Das finale Argument, das in diesem Zusammenhang erwartbar war, aber noch fehlte, durfte schließlich am 24. Juni, und gleichfalls in der Zeit, der längst transatlantisch gewendete Ex-Maoist und, zusammen mit seiner agilen Gattin, Leiter des – wer finanziert ihn eigentlich? – Thinktanks “Liberale Moderne”, der grüne Ralf Fücks liefern: Putins Plädoyer für ein Europa von Lissabon bis Wladiwostok ziele, natürlich, darauf ab, “uns endlich von den USA abzukoppeln und die Westbindung gegen eine Allianz mit Moskau einzutauschen. Dafür gibt es in Deutschland seit jeher einen fruchtbaren Boden, von ganz links bis ganz rechts”. Ganz ähnlich hatte, im selben Qualitätsmedium, sechs Wochen zuvor bereits Fücks’ Ex-Genosse und Bruder im Geiste, der sensible Schöngeist Alan Posener getönt und der “kulturellen Linken” flott empfohlen, sich “von der Vorstellung zu lösen, der Frieden mit Russland um beinahe jeden Preis sei wegen des deutschen Überfalls auf die Sowjetunion 1941 eine moralische Pflicht”.
Vor 50 Jahren war man weiter
Allmählich fragt man sich ernsthaft, was der russische Präsident eigentlich noch tun kann, um in Deutschland erfolgreich für Vertrauen zu werben.
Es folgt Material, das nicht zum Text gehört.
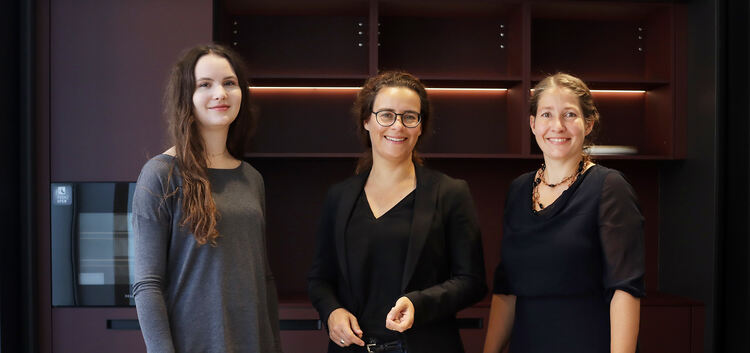 Das Team (v.¿l.): Antonia Franke (Bachelor of Arts Innenarchitektur), Stefanie Rau-Bauer (Geschäftsführerin und Innenarchitektin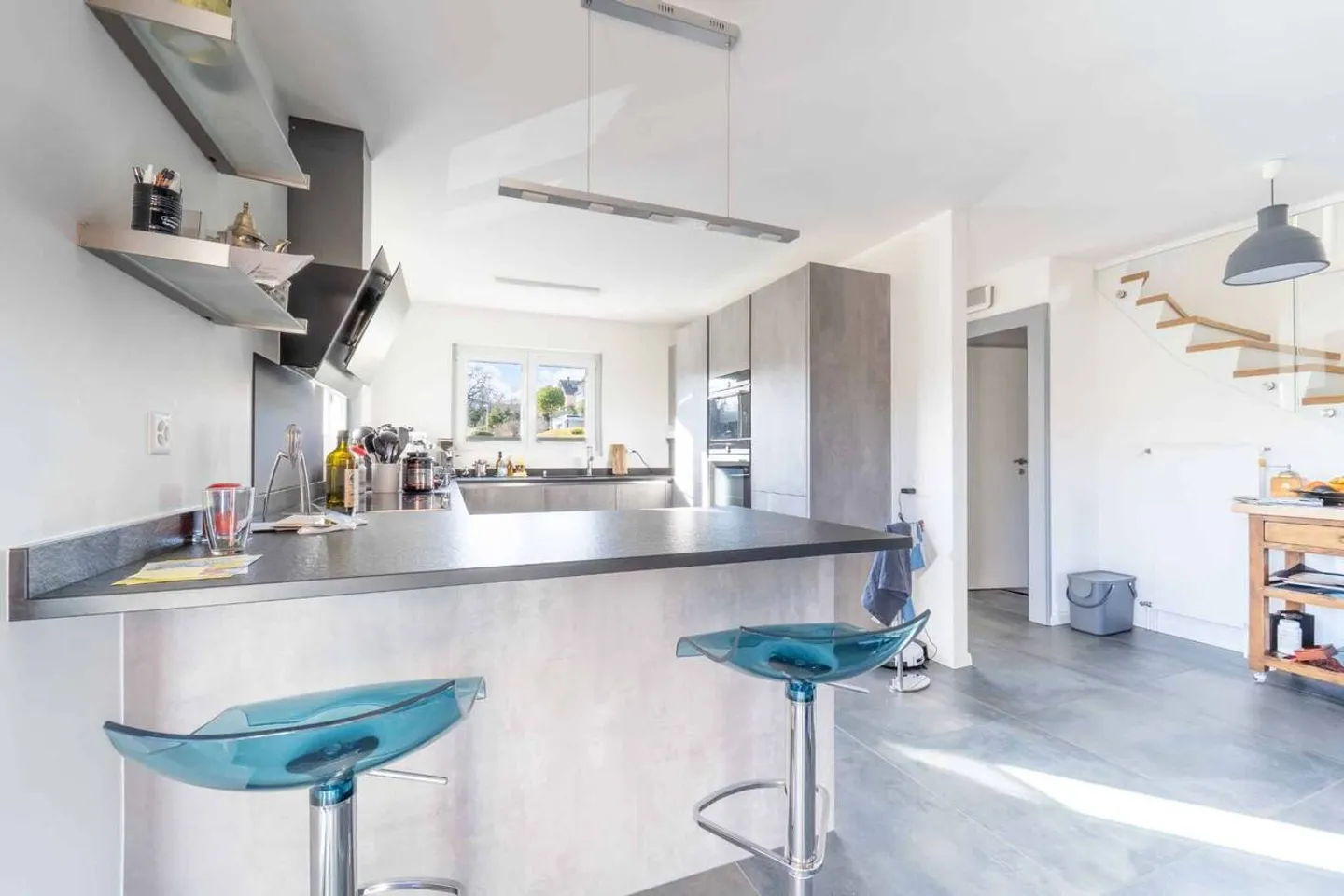 Magnifique villa individuelle avec 7½ pièces, vue dégagée, terrasse et grand jardin verdoyant - Photo 2 sur 13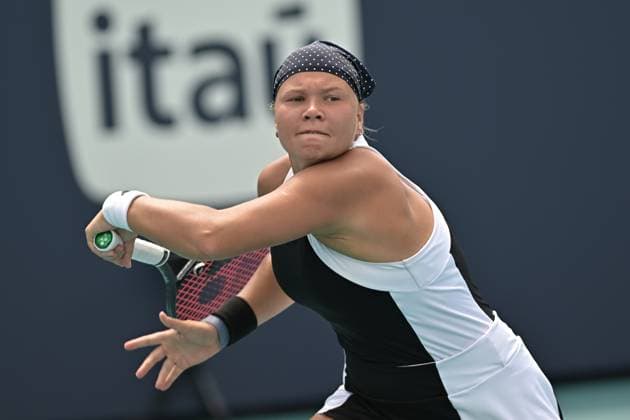 MIAMI GARDENS, FL - MARCH 19: Diana Shnaider (Russia) during the Miami Open on March 19, 2024, at Hard Rock Stadium in Miami Gardens, FL. (Photo by Michele Eve Sandberg Icon Sportswire) TENNIS: MAR 19 Miami Open EDITORIAL USE ONLY Icon240304187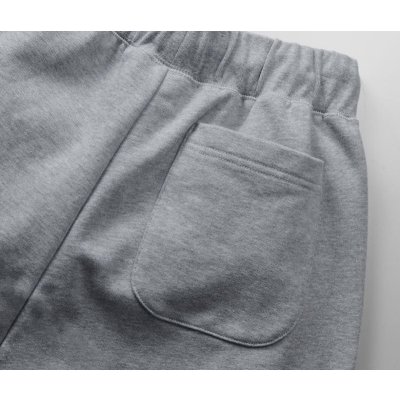 シンプルなデザインのヒップポケット（右側のみ）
Soll er sich vielleicht nochmals im Bundestag hinstellen und – am besten in deutscher Sprache – um Vergebung dafür bitten, dass die Wehrmacht im Sommer 1941 sein Land überfiel und dort drei Jahre später nur noch verbrannte Erde und 27 Millionen Tote hinterließ?
Eines steht jedenfalls fest: Viele Angebote in dieser Richtung wird es bald nicht mehr geben. Niemand verlangt von den deutschen Publizisten und Politikern, dass sie Putins Argumentation eins zu eins folgen. Der Skandal besteht nicht in der Kritik einzelner Passagen aus Putins Essay. Er besteht darin, dass alle versöhnlichen Sätze – genauer: das gesamte Grundanliegen des Textes – geflissentlich übersehen oder ungeprüft summarisch in den Bereich der Propaganda, gar der perfiden Lüge verwiesen werden.
Warum nimmt man nicht Putin einfach beim Wort und testet ihn? Von einem Tag auf den anderen, lieber Herr Fücks, würde Europa mit Sicherheit seine Allianzen nicht wechseln! Und gäbe es hier wirklich nur ein Entweder-oder?
Ende der Sechzigerjahre war man im Westen da weiter: Trotz des Einmarsches der Warschauer Pakt-Staaten – Polen war übrigens stramm mit von der Partie! – und der blutigen Niederschlagung des Prager Frühlings im Sommer 1968 starteten damals Männer wie Willy Brandt und Egon Bahr wenig später mutig ihre Entspannungspolitik, die Jahrzehnte später zur deutschen Vereinigung und zum Ende des (ersten) Kalten Krieges führte.
Der bedeutendste publizistische Verbündete dereinst war übrigens – die Zeit!